Sejumlah tokoh hadir dalam acara tersebut, di antaranya:
Saiful Mujani – pendiri SMRC yang sebelumnya sempat viral karena pernyataan terkait ajakan menggulingkan pemerintahan Prabowo.
Islah Bahrawi – relawan Ganjar-Mahfud pada Pilpres 2024, yang dalam forum itu mengeluarkan pernyataan kontroversial, menyebut Presiden Prabowo pikun hingga demensia, serta menyerukan agar Prabowo “diturunkan” bersama peserta lain.
Feri Amsari – pakar hukum tata negara, yang sebelumnya dikenal kritis terhadap perubahan konstitusi dan kekuasaan presiden.
Dipo Satria – aktivis yang sering tampil dalam gerakan kritik sosial-politik.
Dr. Sukidi – intelektual dan akademisi yang beberapa waktu terakhir aktif menyuarakan kritik terhadap legitimasi pemerintahan baru.
Ubedilah Badrun – pengamat politik dan akademisi, yang juga dikenal pernah melaporkan kasus dugaan korupsi yang menyeret keluarga penguasa.
Almas Sjafrina – akademisi muda yang sebelumnya mencuat terkait uji materi batas usia capres-cawapres di MK, dan kini tampil sebagai salah satu pengkritik keras pemerintahan.
Isi Seruan yang Memantik Kontroversi
Dalam forum tersebut, beberapa pembicara lantang menyebut bahwa pemerintahan Prabowo–Gibran adalah hasil proses yang “tidak adil”, dan mengajak peserta untuk “bersatu menurunkannya”. Seruan itu kemudian menyebar luas di media sosial, memicu reaksi dari publik yang menilai ajakan tersebut sudah melampaui batas kritik dan berpotensi menabrak hukum.

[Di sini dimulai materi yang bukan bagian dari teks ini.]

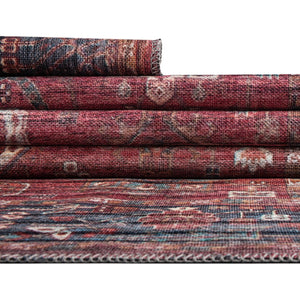 Antique Red 3' x 13' Maahru Washable Runner Rug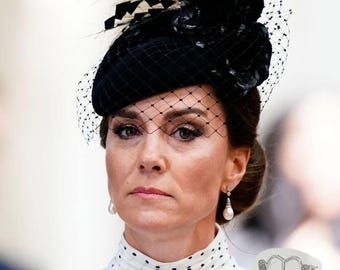 Princess Kate Genuine Water Drop Pearl Zircon Earrings, Freshwater Pearls, Sterling Silver Ear Pins & Backs, Royal Replicas, #1626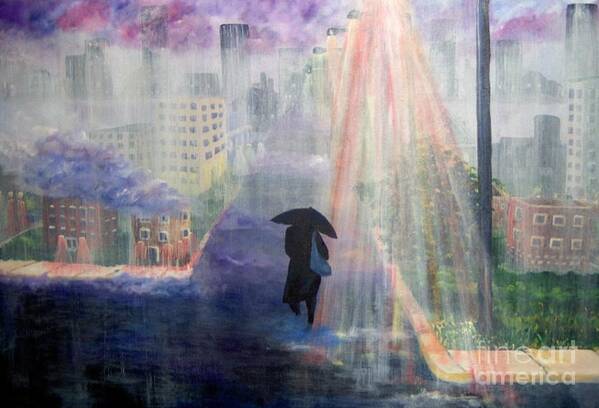 City Art Print featuring the painting Urban Life by Saundra Johnson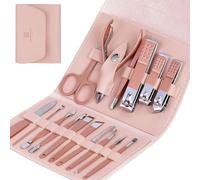 START MAKERS Kit Manucure Pedicure Professionnel,16pcs Trousse Manucure,Femme Hommes Kit Pedicure,Acier Inoxydable Set Manucure,Kit Manucure Professionnel avec Magnifique Étui En Cuir (Rose)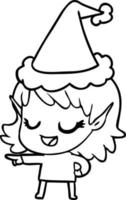 dibujo de línea feliz de una niña elfa señalando con sombrero de santa vector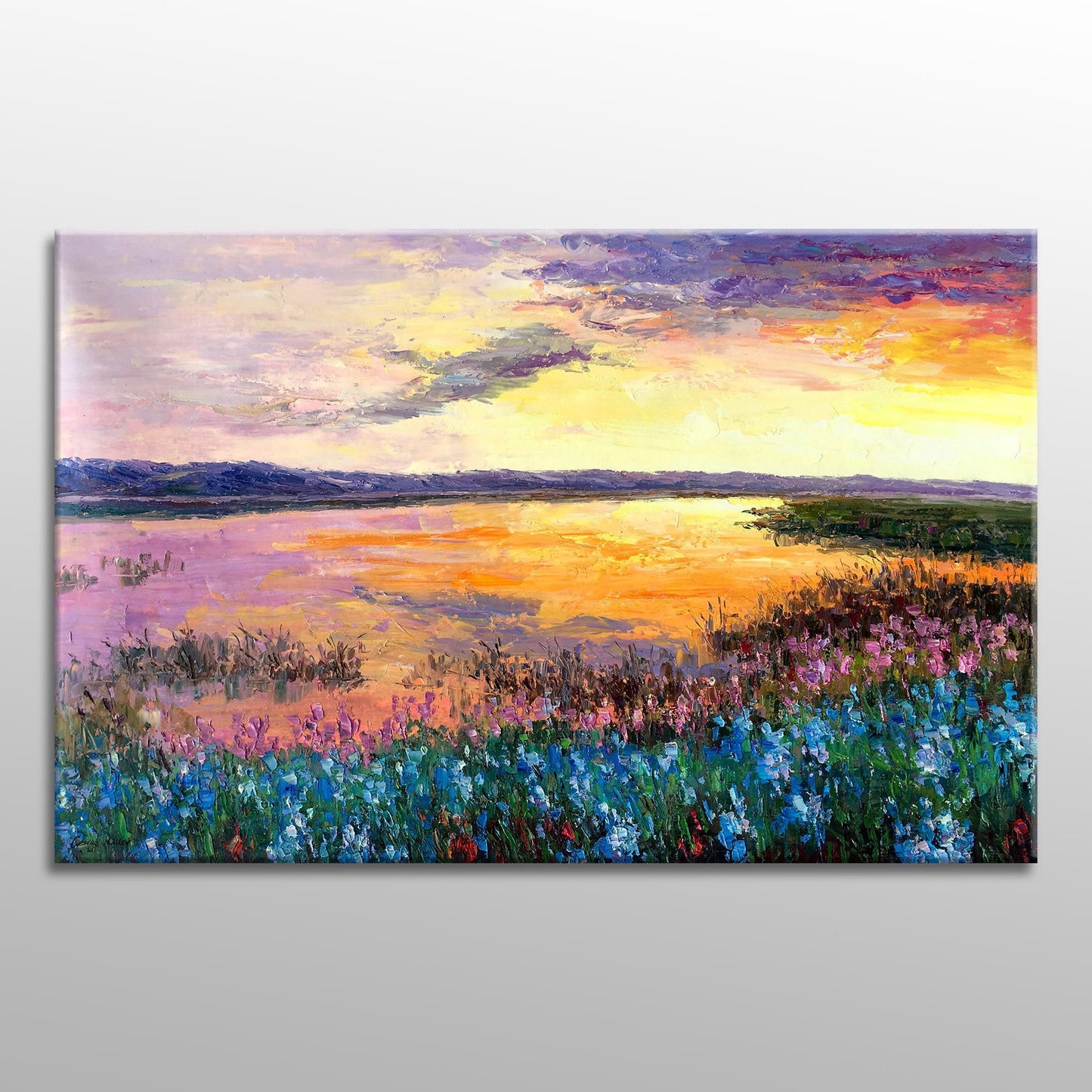 Large Oil Painting, Sunset by the River, Original Painting, Contemporary Painting, Landscape Painting, Large Canvas Wall Art, Wall Decor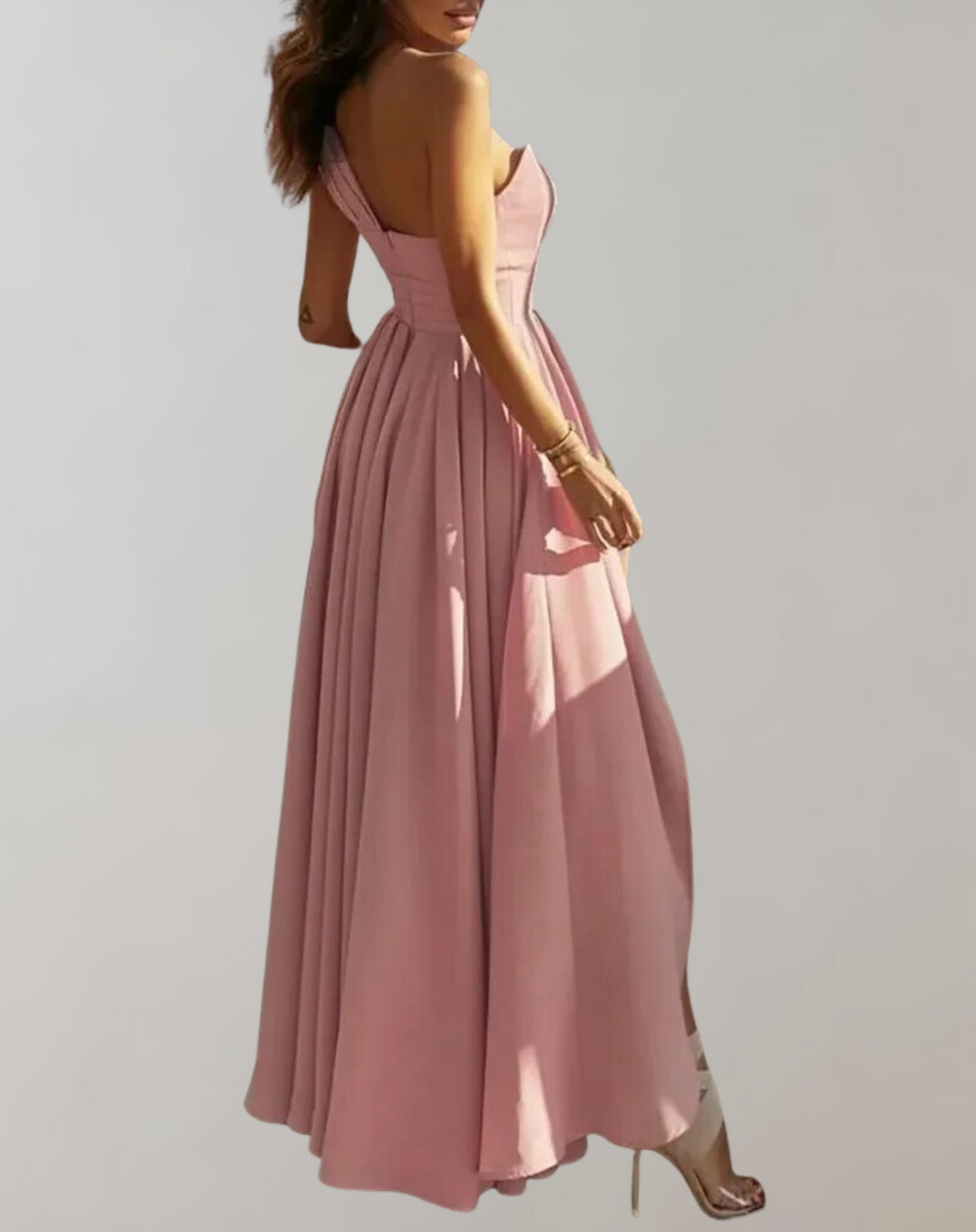Women's Open Back Lace Dress – Three-Quarter Sleeve Gala Cocktail Dress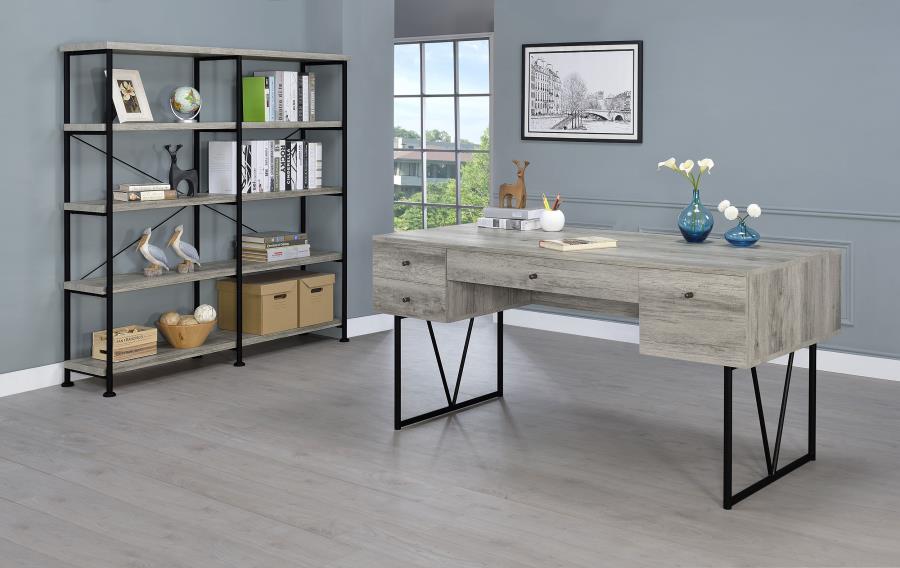 (image for) Analiese 63-inch 4-drawer Writing Desk Grey Driftwood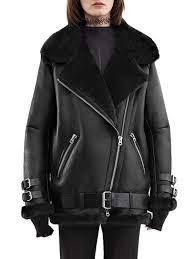 Black Faux Shearling Lining Biker Jacket Choies Com Shearling Jacket Women Leather Jackets Women Biker Jacket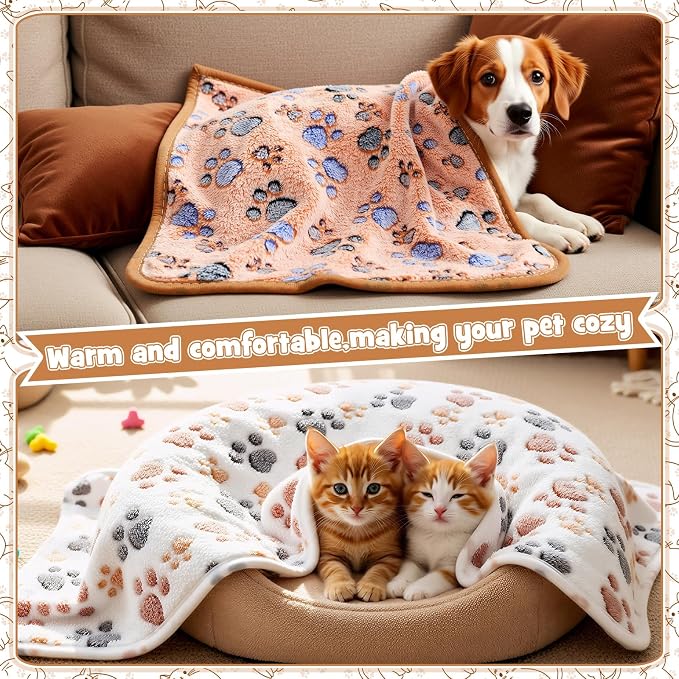 Tegeme 12 Pcs Pet Blankets 30 x 20 Inch Soft Fluffy Fleece Dog Cat Warm Paw Print Pattern Blankets Flannel Throw for Pets Dog Puppy Cat(Pink,Beige,Camel)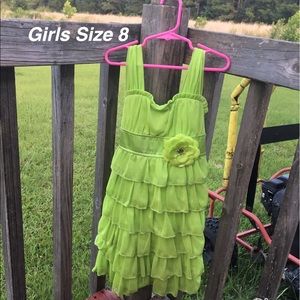 Girls Green Ruffle Spring Dress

Ucapan Islah Bahrawi menjadi salah satu yang paling ramai disorot karena dianggap menghina dan menyerang personal Presiden Prabowo Subianto. Sementara Saiful Mujani kembali ditegaskan publik sebagai salah satu tokoh yang sejak awal menyinggung soal potensi “penggulingan” pemerintah.
Respons Publik
Gelombang kecaman muncul dari warga net, yang menilai para tokoh tersebut tengah mencoba menciptakan instabilitas politik di saat pemerintahan baru bahkan belum berjalan lama.
“Baru mulai kerja tapi sudah disuruh tumbang, demokrasi macam apa ini?” tulis salah satu warganet.
Ada pula yang menuding acara itu bukan sekadar silaturahmi, melainkan upaya terorganisir untuk mengganggu stabilitas nasional.
Isu Hukum dan Keamanan
Beberapa pakar hukum menilai bahwa ajakan menggulingkan pemerintahan sah dapat masuk kategori tindakan yang diatur dalam pasal makar. Aparat keamanan pun disebut tengah memonitor perkembangan isu ini.
Sementara itu, pihak Istana belum memberikan komentar resmi terkait seruan yang berasal dari acara tersebut. Namun sejumlah pendukung pemerintah meminta aparat menindak tegas pihak yang mencoba mengganggu stabilitas pemerintahan.